Date: Wed, 1 Jan 2014 11:46:36 -0500
From: Allen Matlins
Subject: Development and Prosperity in Chatham County
Here’s a paragraph from a Special Report in The Economist titled Biodiversity. The bottom line is that wealthier regions sometimes do a better job of protecting and sustaining biodiversity.
“that is thanks to the developments covered in this special report – shifting public attitudes to other species, increasing appreciation of natural environments, legislation to stop the killing of endangered species, programs to eradicate invasive species, more and bigger protected areas for wildlife, subsidies to restore degraded habitat, better sanitation, better regulation of pesticides, decreasing levels of conflict and increasingly effective states implementing conservationist legislation. *All of these become more prevalent as countries get richer*.” The Economist, September 14, 2013, Special Report, Biodiversity, Averting the Sixth Extinction, p.15:
Does upgrading become more prevalent as a county gets richer? Welcome new developments? Continue to work on Haw River and Jordan Lake cleanup? Keep Kudzu out? Control Sevin dust and Coyotes?

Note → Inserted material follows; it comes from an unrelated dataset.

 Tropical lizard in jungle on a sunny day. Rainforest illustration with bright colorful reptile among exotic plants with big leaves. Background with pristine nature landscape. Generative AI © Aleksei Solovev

What development and prosperity did the first settlers have in mind when they came here around 1751? Apparently the Catawba Indians were friendly towards the colonists and later served side by side with them fighting the British in our Revolutionary War. How did it turn out for the Catawba?
It’s easy to justify anti-development perspectives as long as one forgets that there’s probably not a single person contributing to this debate who would be here were it not for a long series of developers.